Wildlife Officer earns Prestigious Award
San Luis Valley wildlife officer earns prestigious national award
MONTE VISTA, Colo. – Brian Bechaver, a district wildlife officer for Colorado Parks and Wildlife in the San Luis Valley recently received the Shikar-Safari Club International 2017 “Wildlife Officer of the Year” award.
Shikar-Safari Club International is worldwide hunting and wildlife conservation organization. Every year it recognizes wildlife professionals in all 50 states. Bechaver, a 21-year veteran with CPW, received the award at the Colorado Parks and Wildlife Commission meeting on Sept. 7. The honor recognizes long-term service and dedication to the wildlife profession.
Bechaver, who grew up in the San Luis Valley, started his wildlife career with the Wyoming Game and Fish Department. After two years he moved back home and now works a sprawling district that includes parts of four different counties in the south part of the San Luis Valley. The four counties are: Rio Grande, Costilla, Conejos and Alamosa.
Rick Basagoitia, area wildlife manager for the valley and Bechaver’s supervisor, said the officer brings all the traits critical for doing the job. “He knows what needs to be done and he does his entire job well ‒ not just what he wants to do,” Basagoitia said. “He knows law enforcement, teaches kids about hunting and safety, and it’s not below him to go out and fix fences and pound in posts.”

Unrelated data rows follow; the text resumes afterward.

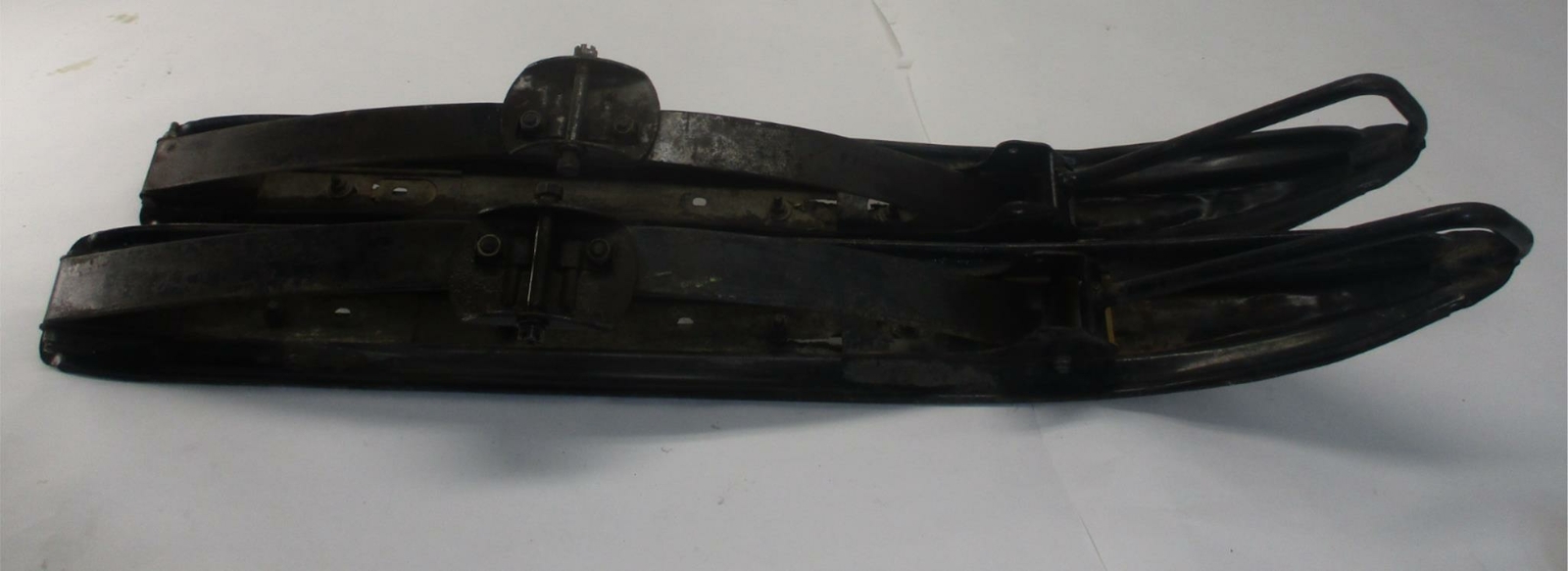 86 YAMAHA EXCEL III EC340 EC 340 SKIS SLIDE FRAME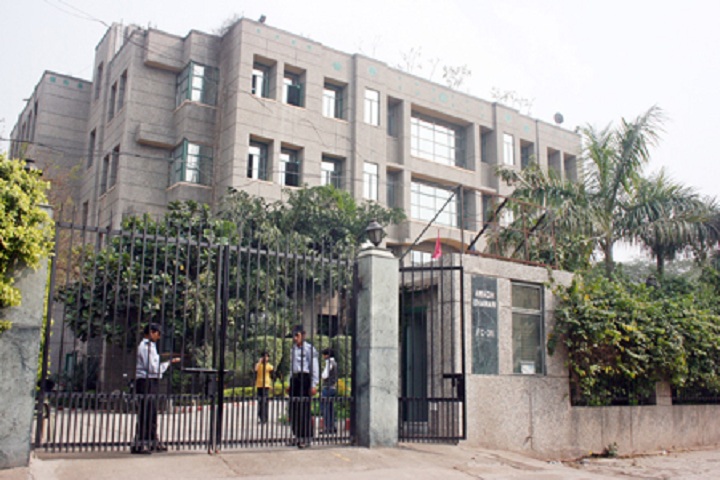 https://cache.careers360.mobi/media/colleges/social-media/media-gallery/7020/2018/9/5/Campus view of Institute of Vocational Studies, Awadh Centre of Education, New Delhi_campus view.JPG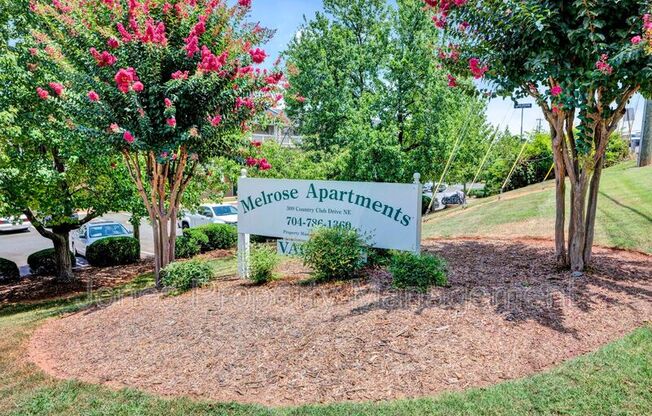 303 D COUNTRY CLUB DR NE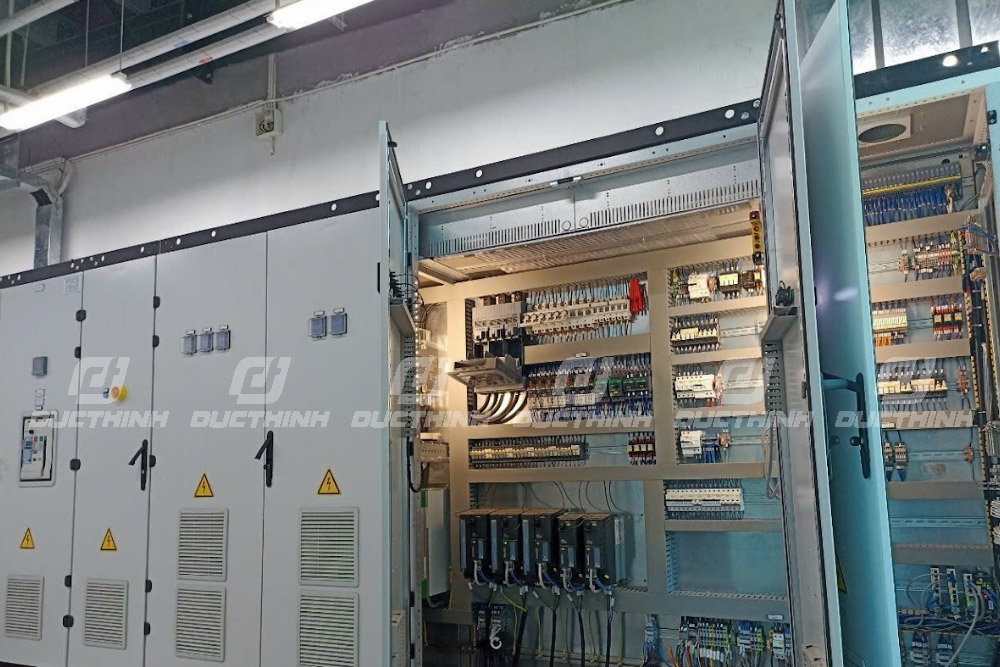 NHÀ MÁY VẬT LIỆU POLYMER CÔNG NGHỆ CAO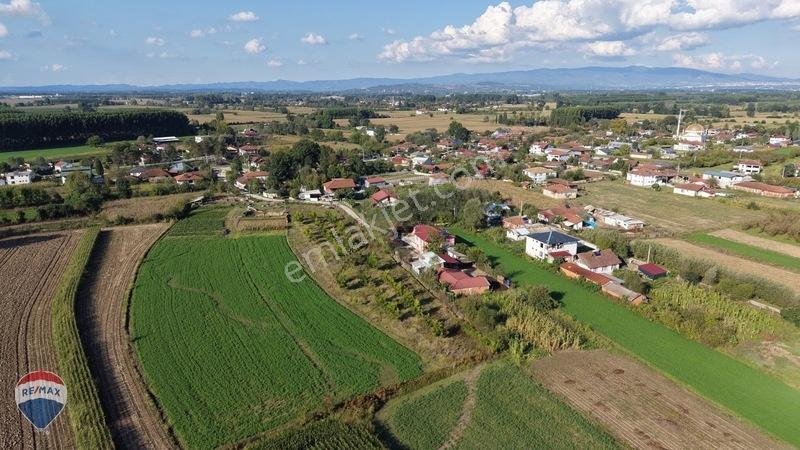 Akyazı Uzunçınar Mahallesinde Satılık Projesi Hazır Arsalar. — fotoğraf 12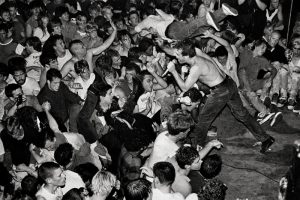 Стэнли Грин "Джелло Биафра солист группы "The Dead Kennedys" исполняет песню "California Uber Alles". Клуб «Mabuhay Gardens», Норт-Бич, Сан-Франциско, 1978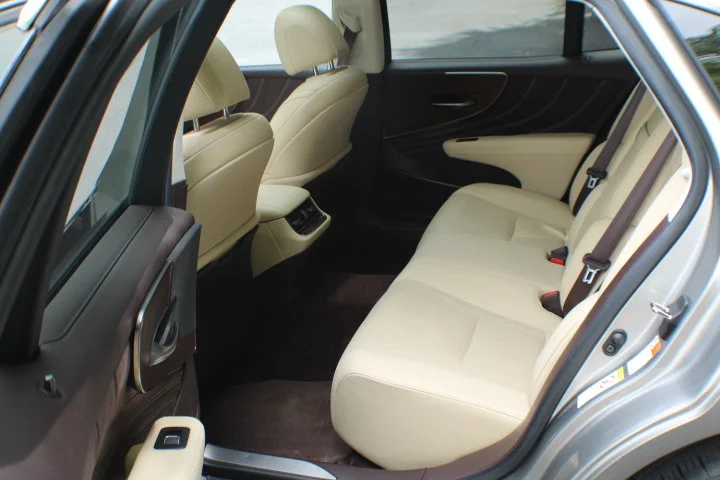 Used 2018  Lexus  image 15
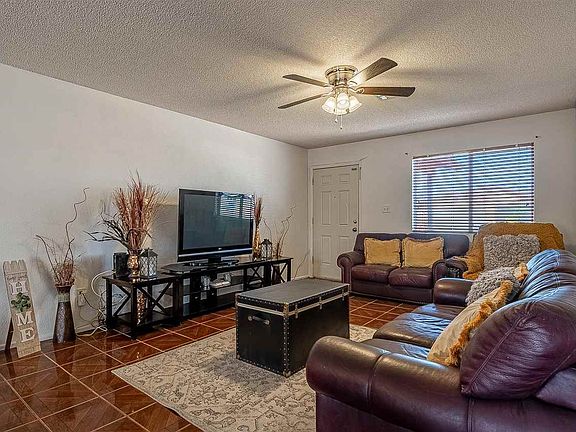 3rd image of 821 W Ramona St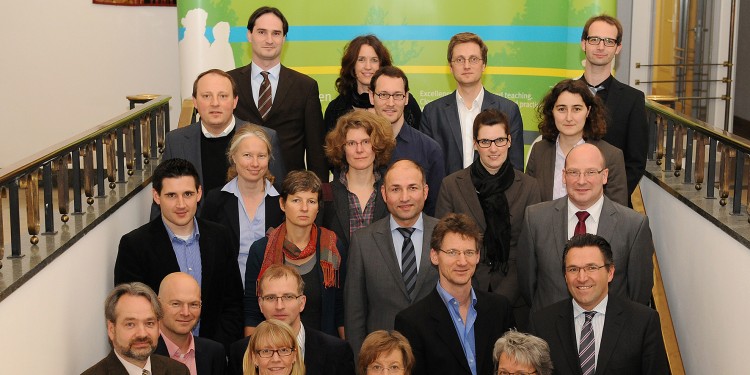 Das Rektorat begrüßte die neuen Professorinnen und Professoren im Senatssaal.<address>&copy; WWU - Peter Grewer</address>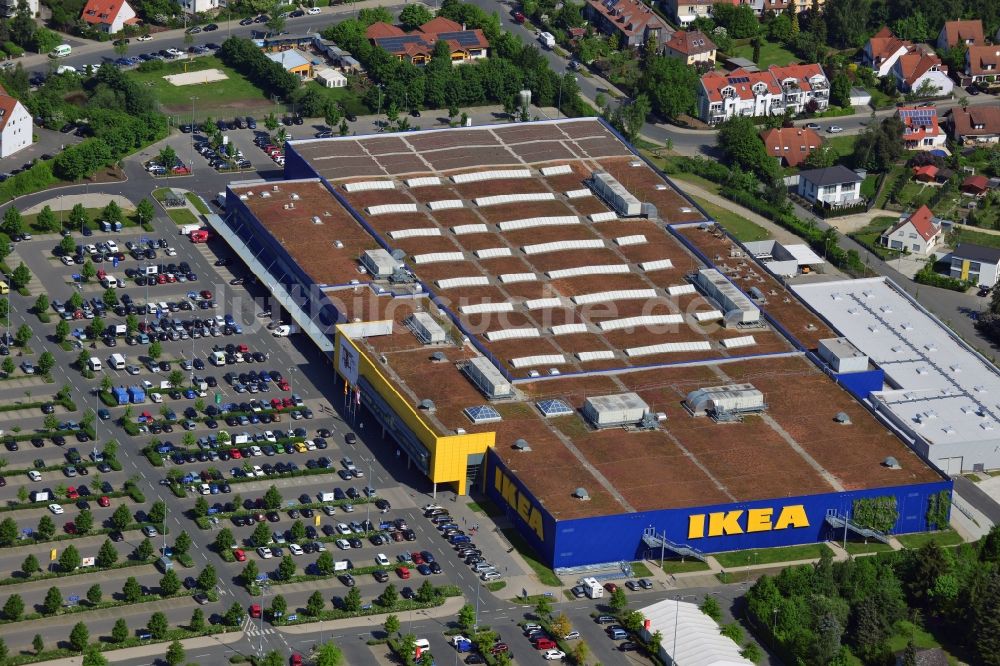 Fürth von oben - Gebäude des Einkaufszentrum IKEA Einrichtungshaus in Fürth im Bundesland Bayern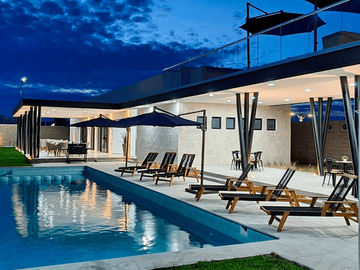 Casa de Tres Recámaras en el Querétaro Moderno 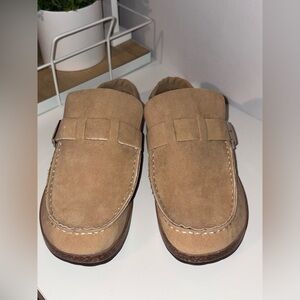 NWOT-Mule Loafers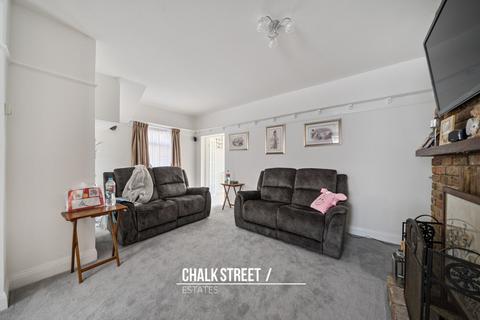 3 bedroom end of terrace house for sale, Anstead Drive, Rainham, RM13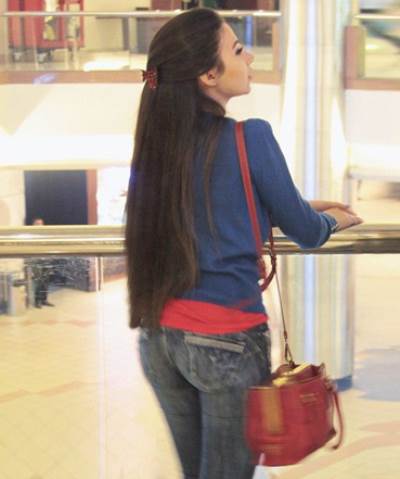 شقيقة ميريام فارس التي تخفيها عن الأنظار .. ترتدي مثلها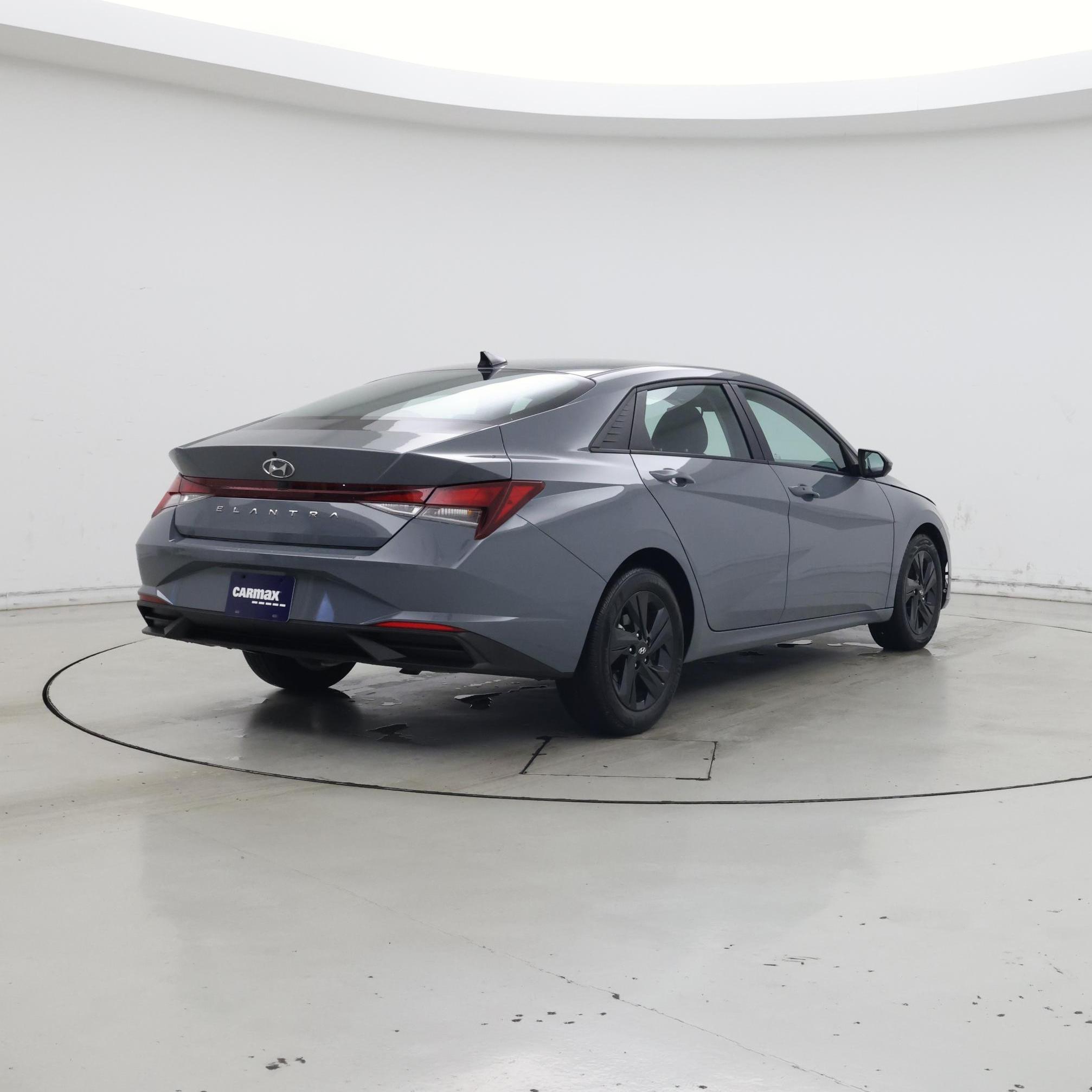 Thumbnail: 2022 Hyundai Elantra - 8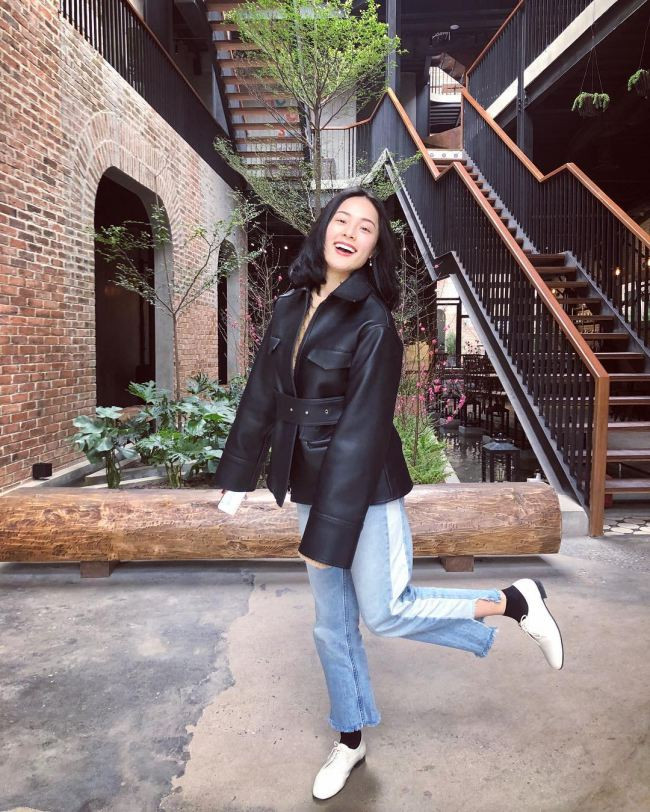 Cô dành khá nhiều thời gian cho bản thân và tận hưởng cuộc sống, thay vì chăm chỉ xuất hiện trước công chúng hay tham gia các hoạt động nghệ thuật.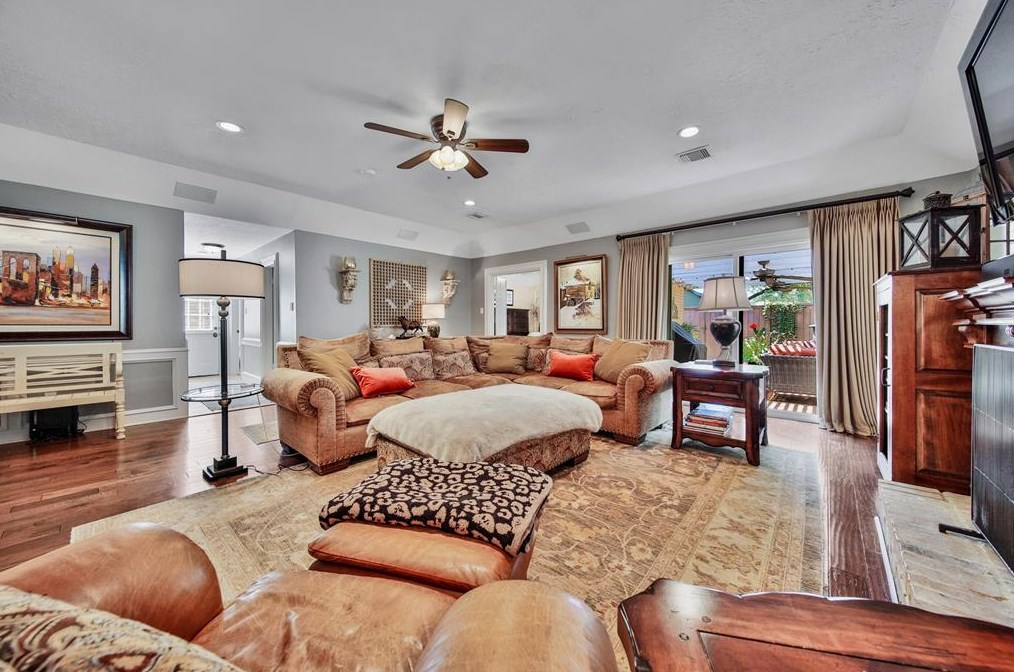 14015 Jupiter Hl Dr, Houston TX  77069-1702 exterior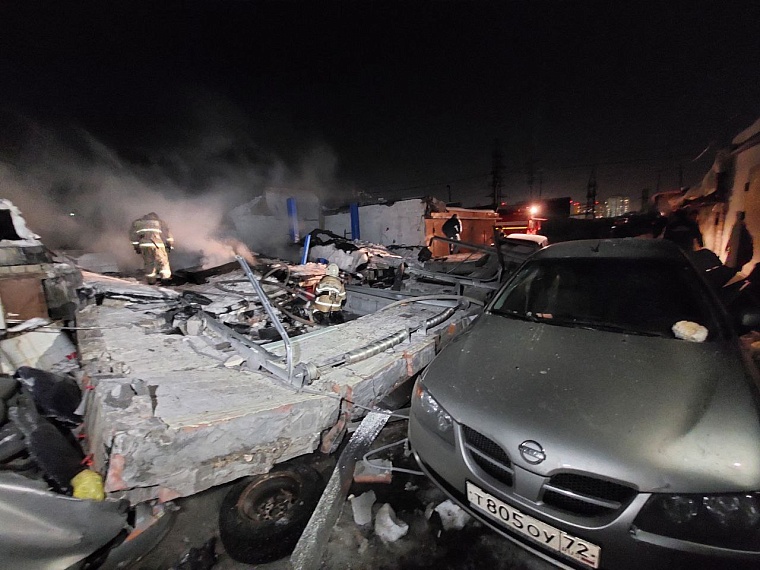 В Тюмени пять человек пострадали во время вспышки газа в гаражном кооперативе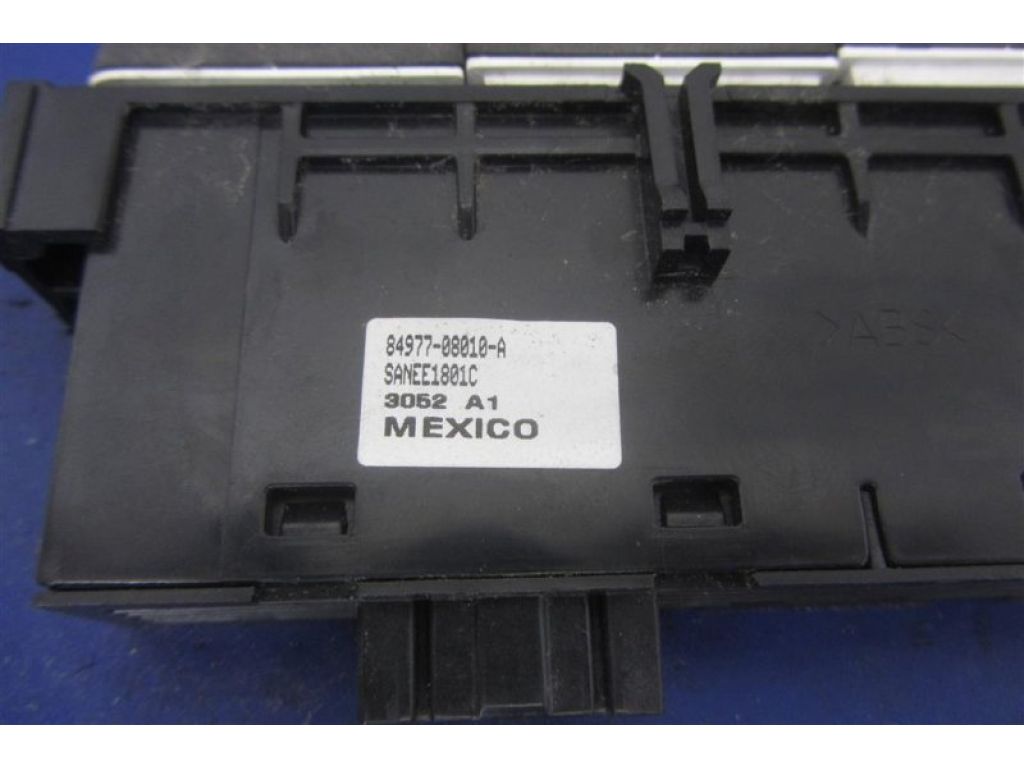 84977-08010 | Кнопка TOYOTA SIENNA 11-16 - Фото 3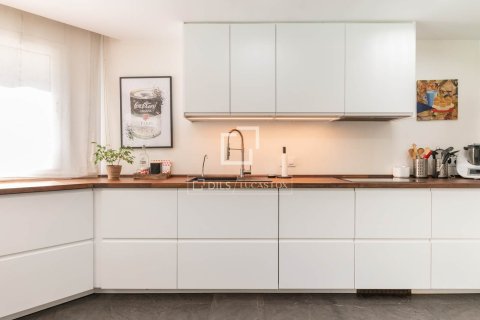 Villa de 6 dormitorios en venta en Sant Cugat del Vallès, Barcelona, Cataluña, Spain № 3923 - foto 11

A life-long hunter and outdoorsman, Bechaver is the fourth generation of his family to live in the expansive San Luis Valley. “I care about wildlife, I care about the land and I care about the people who live here,” Bechaver said. “I have real connections here.”
Like most officers, Bechaver said that there’s scarcely a dull moment doing his job. “There’s always something new, everyday. Interacting with people, patrolling, doing investigations, working with hunters. Even after all of these years I still enjoy the job,” he said.
Besides his regular duties, Bechaver is now working on an important wildlife project in the valley. He’s the leader of the Brownie Hills project, a 17,000-acre area now owned by Costilla County on the west side of the valley, that will be managed as a state wildlife area.